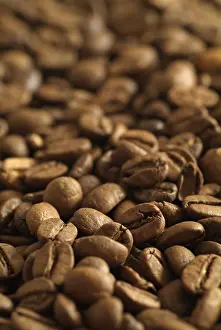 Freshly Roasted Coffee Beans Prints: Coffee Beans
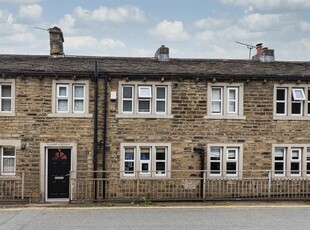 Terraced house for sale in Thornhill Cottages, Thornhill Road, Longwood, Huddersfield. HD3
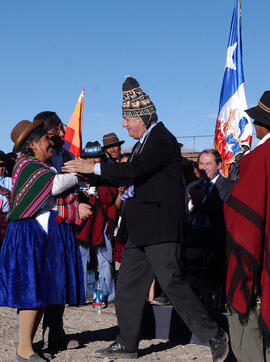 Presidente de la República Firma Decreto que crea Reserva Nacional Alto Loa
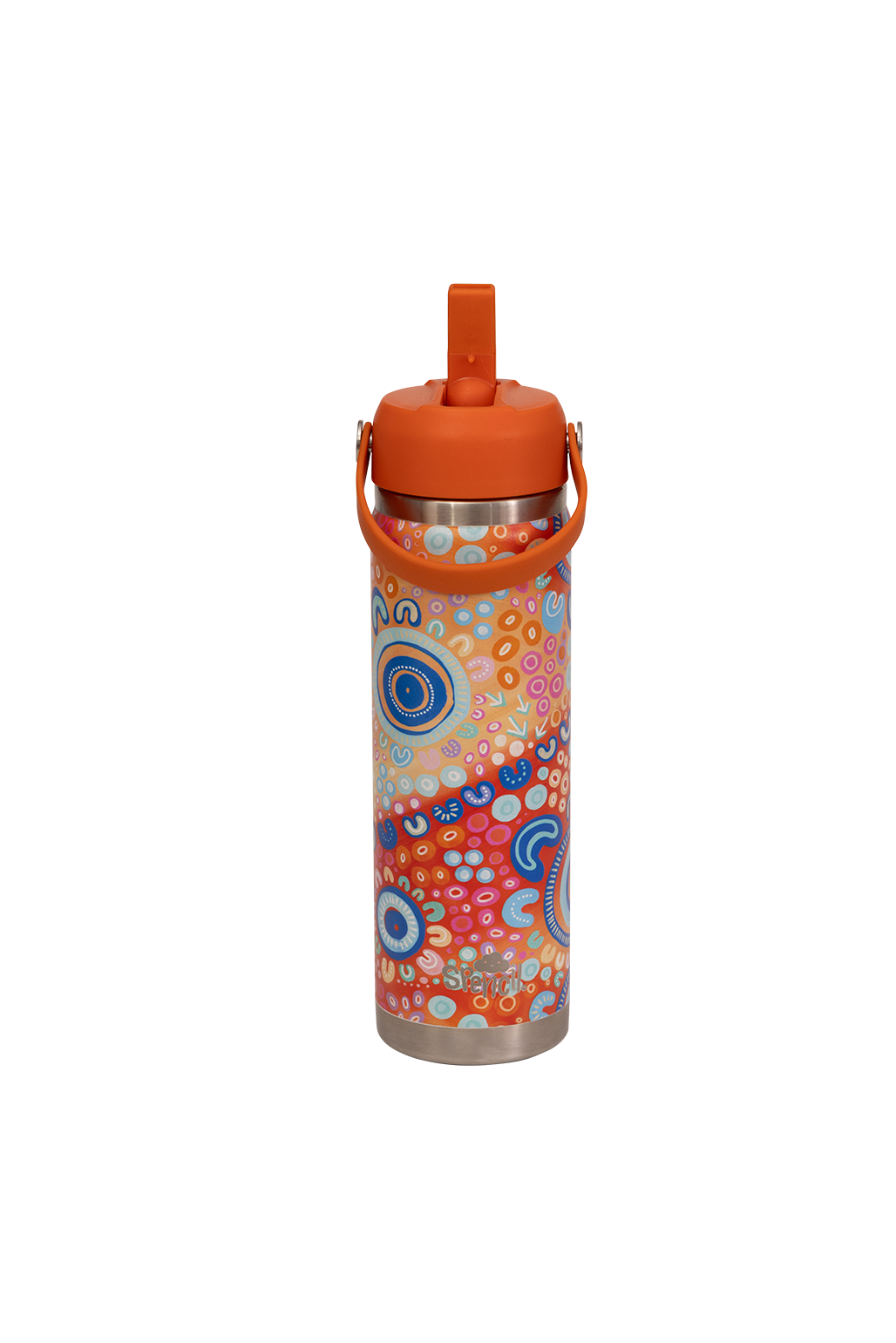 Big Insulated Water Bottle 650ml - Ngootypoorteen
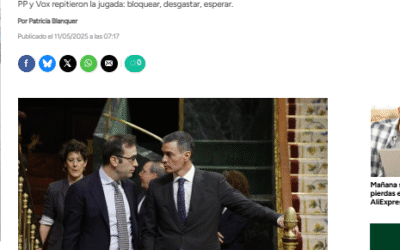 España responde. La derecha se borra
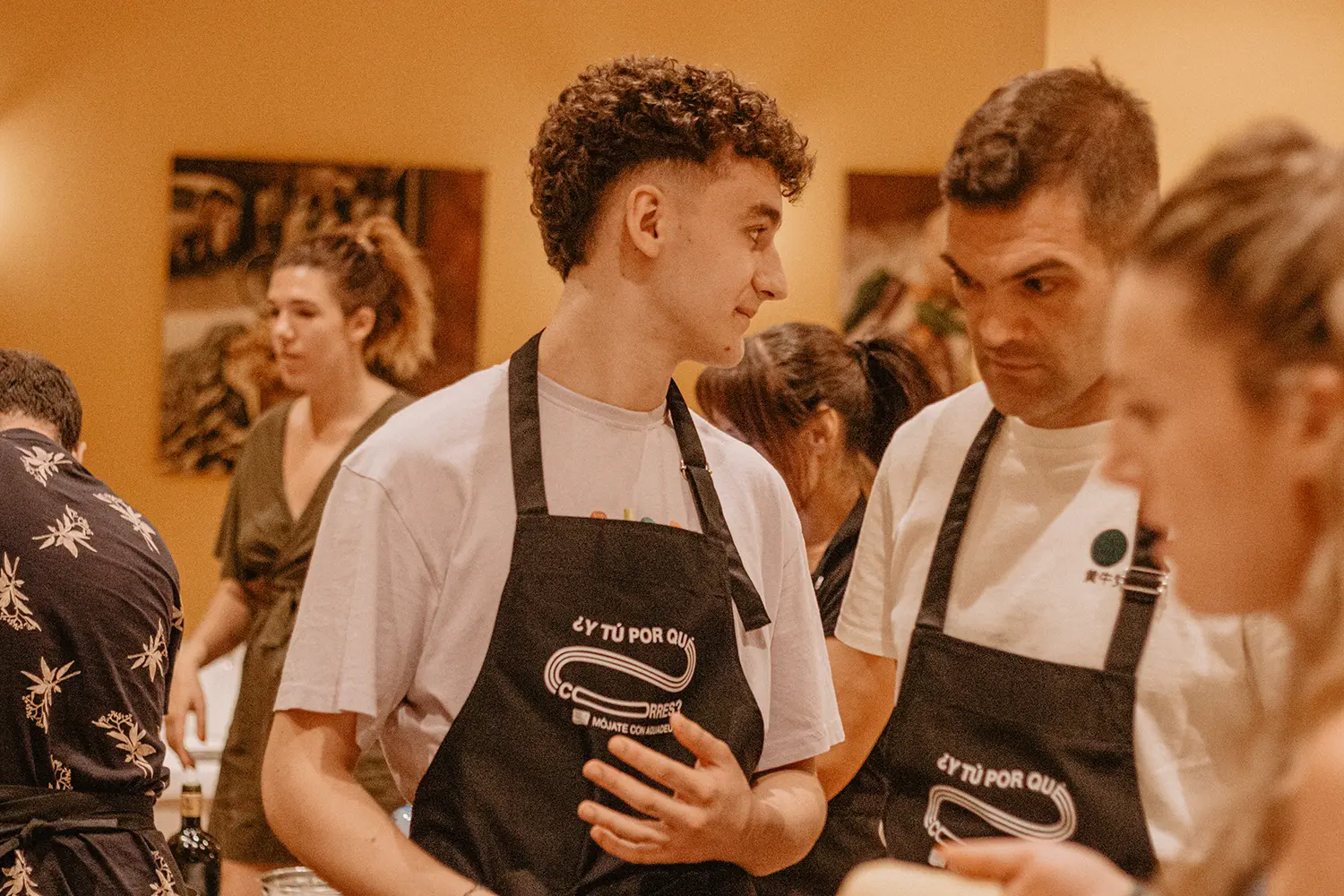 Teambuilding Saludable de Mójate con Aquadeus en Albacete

------------------------------------------------

About this task –
Extract the run of lines from the line holding "Big Insulated Water" through the final line of the material above, exactly and inclusively. Leave the pictures behind.

Solution –
 Big Insulated Water Bottle 650ml - Ngootypoorteen
 España responde. La derecha se borra
 Teambuilding Saludable de Mójate con Aquadeus en Albacete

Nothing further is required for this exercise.